Bear Valley Creek is a tributary of Idaho’s aptly named Salmon River. With its lazy meanders, rushing water, and limited human impact, “this is as good as it gets for salmon,” Crozier said. Its salmon population has been robust, but even here, climate change is beginning to affect chinook habitat. Credit: James A. McKean

Saving salmon streams

Salmon have exacting requirements for their nests. Each female can use up to six square meters of riverbed real estate to lay her eggs; the gravel must be just right, the water must be cold and rushing, there must be calm side streams for fingerlings to grow. And of course, there must be enough water flowing in the streams to let the salmon arrive in the first place. Each requirement is threatened.

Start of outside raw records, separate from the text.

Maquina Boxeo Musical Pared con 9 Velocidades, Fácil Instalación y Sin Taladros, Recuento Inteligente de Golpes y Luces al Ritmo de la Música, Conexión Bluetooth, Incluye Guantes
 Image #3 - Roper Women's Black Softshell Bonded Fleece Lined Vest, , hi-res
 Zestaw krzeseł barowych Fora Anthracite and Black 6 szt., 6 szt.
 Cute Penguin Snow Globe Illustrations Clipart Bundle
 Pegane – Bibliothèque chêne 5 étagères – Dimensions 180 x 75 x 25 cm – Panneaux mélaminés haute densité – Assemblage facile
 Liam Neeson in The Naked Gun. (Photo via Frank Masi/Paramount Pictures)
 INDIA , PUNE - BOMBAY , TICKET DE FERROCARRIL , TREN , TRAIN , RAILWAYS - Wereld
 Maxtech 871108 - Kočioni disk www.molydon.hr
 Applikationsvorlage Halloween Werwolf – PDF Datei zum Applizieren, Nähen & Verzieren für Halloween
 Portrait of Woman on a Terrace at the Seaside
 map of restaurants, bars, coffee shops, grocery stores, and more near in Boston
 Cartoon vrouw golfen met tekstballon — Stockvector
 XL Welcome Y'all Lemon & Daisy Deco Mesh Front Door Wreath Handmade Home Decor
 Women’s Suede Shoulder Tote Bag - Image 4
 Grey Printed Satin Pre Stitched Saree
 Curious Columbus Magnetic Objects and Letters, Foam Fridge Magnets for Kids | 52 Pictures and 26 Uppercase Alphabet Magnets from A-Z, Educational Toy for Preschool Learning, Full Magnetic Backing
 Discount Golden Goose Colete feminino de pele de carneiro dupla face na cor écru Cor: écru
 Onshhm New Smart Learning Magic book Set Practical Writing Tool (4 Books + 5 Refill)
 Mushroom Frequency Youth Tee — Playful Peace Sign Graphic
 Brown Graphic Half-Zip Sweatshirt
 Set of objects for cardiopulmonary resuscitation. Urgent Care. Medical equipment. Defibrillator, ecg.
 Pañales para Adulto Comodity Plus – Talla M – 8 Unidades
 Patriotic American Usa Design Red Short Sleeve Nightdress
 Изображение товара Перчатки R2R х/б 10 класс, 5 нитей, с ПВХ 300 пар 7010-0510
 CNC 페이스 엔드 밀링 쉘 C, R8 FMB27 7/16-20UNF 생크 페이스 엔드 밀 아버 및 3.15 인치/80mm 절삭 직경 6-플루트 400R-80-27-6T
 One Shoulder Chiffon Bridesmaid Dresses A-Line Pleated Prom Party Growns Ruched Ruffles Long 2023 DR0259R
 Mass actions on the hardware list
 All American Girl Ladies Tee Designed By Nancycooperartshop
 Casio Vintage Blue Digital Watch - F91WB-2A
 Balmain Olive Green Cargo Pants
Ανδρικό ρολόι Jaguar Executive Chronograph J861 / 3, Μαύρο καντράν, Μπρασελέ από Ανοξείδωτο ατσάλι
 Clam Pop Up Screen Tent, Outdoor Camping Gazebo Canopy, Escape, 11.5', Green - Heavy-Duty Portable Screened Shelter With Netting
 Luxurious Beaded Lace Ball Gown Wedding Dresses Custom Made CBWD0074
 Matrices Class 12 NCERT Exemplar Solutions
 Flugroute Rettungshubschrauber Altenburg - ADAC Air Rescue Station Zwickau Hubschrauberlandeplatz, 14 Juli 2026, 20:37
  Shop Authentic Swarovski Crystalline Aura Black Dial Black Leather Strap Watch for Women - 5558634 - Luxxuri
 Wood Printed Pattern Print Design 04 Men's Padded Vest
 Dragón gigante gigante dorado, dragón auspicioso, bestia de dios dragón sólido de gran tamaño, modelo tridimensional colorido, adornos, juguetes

Smaller salmon habitats of poorer quality could reduce the success of spawning and increase struggles for young salmon, which already face a host of human-caused barriers. More female salmon may be competing for shrinking nest sites, and young salmon will compete for dwindling space and resources as well. Breeding salmon whose home waters are cut off or disappear altogether may expend too much energy searching for a new spot and die of exhaustion before laying their eggs.

Studies like this one help ecologists and conservationists figure out what areas are most likely to remain suitable habitats for salmon and other species, and can therefore be targeted for protection, Tonina said. Other cold-water fish, such as trout and steelheads, would be impacted in similar ways. Chinook salmon serve as a useful “indicators of enormous ecosystem change,” Crozier added, but “every single species will be affected by these changes. It’s uncharted territory.”

“This will inform restoration efforts, helping us select streams that are likely to remain accessible for the salmon,” Tonina said. “We want to find the areas that will serve as refugia in the future.”